“I do.”
“No, you don’t.”
“You have no idea what I mean anymore.”
“I know you.”
“You know what you needed me to be.”
Her face crumpled for half a second before she caught it.
And because I was cruel now, because she had made me cruel or because I had always been capable of it and only needed the right wound, I said, “I hope they expel you. I hope Thad finds out. I hope your mother knows exactly what you became inside that house.”
Céline’s eyes went flat.
“My mother has nothing to do with this.”
“She has everything to do with this. She raised you.”
“Katherine.Stop.”
“She cleaned our floors while you learned to pretend you belonged on them.”
“Stop.”
“And now look at you. Wearing my clothes, submitting my work, sleeping with the boy I wanted, standing here acting likeyou are the injured party because poor Selena Martin never had enough.”
She moved to shove me, and my heel slipped while I tried to dodge.
At first, I thought I would catch myself. That is the strange thing. Catastrophe begins with denial. A small, stupid certainty that the body will fix what the mind has not yet understood.
My shoe slid on the rain-slick stone. My hip struck the low ledge behind me. The world tilted violently, sky and terrace and Céline’s white face spinning in one impossible movement.
Then I was over.

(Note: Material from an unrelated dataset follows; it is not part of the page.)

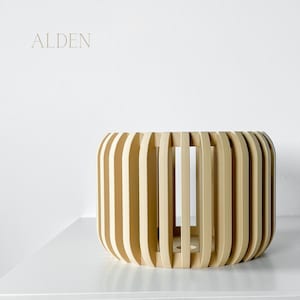 May include: A light beige, cylindrical wooden planter with vertical slats. The planter has a rounded shape and sits on a white surface. The word "ALDEN" is printed in a light brown color in the upper left corner.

For one suspended second, there was no falling.
Only air.
Only my hand scraping against wet stone.
Only Céline screaming my name.
But she caught me.
Her hand closed around my wrist so tightly that pain shot up my arm.

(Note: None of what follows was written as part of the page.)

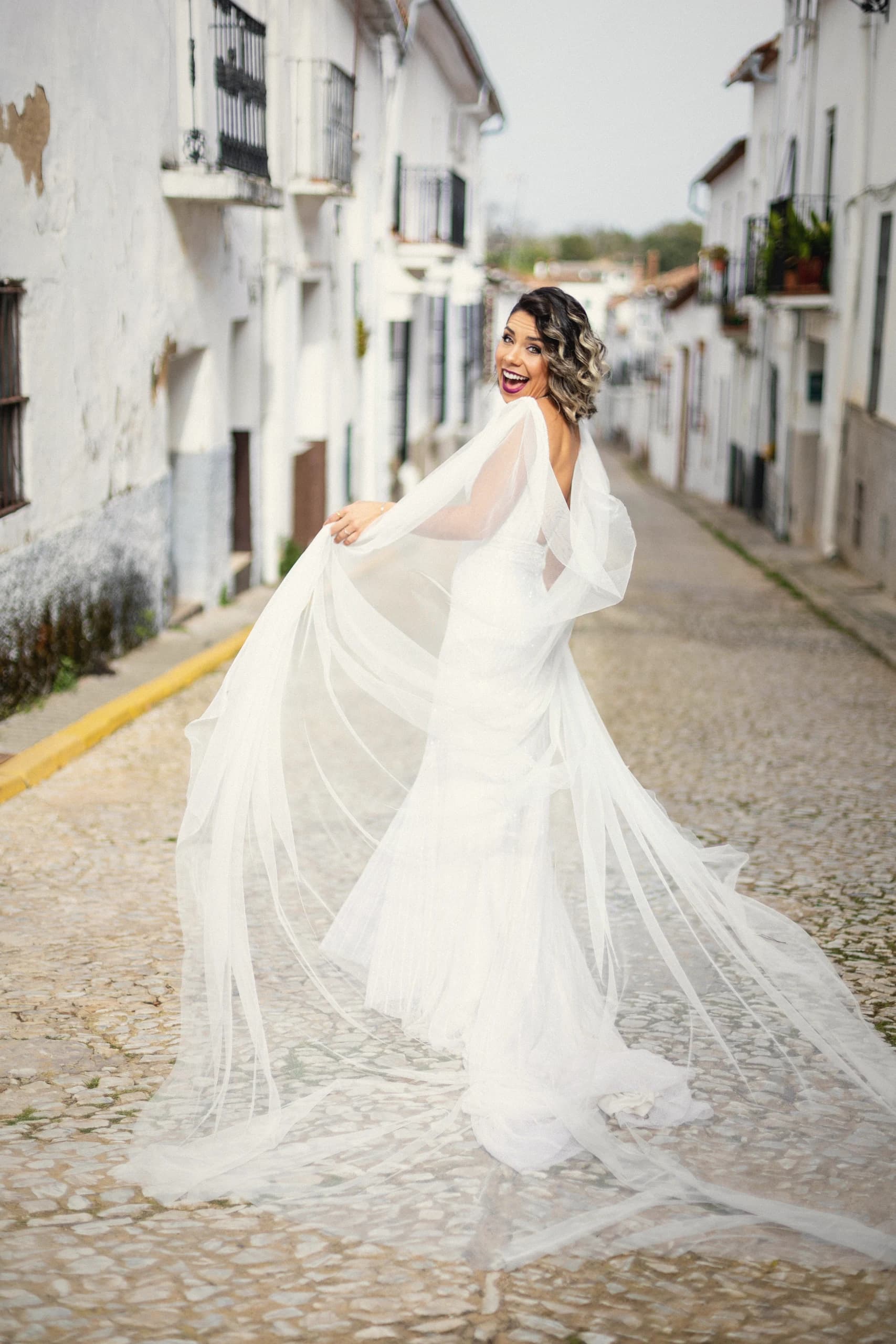 La novia haciendo volar el velo en una calle empedrada del pueblo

The phone fell from my other hand and clattered somewhere above us. My body slammed against the outside of the ledge, shoulder striking stone, legs hanging over nothing. The drop below opened black and wet and endless, the courtyard stones far beneath us shining under rain.
I couldn’t breathe.
“Céline,” I gasped.
She was on her stomach over the ledge, both hands around my wrist now, face twisted with panic.
“I’ve got you,” she said.
Her voice was frantic.
For one second, hope arrived so violently it hurt.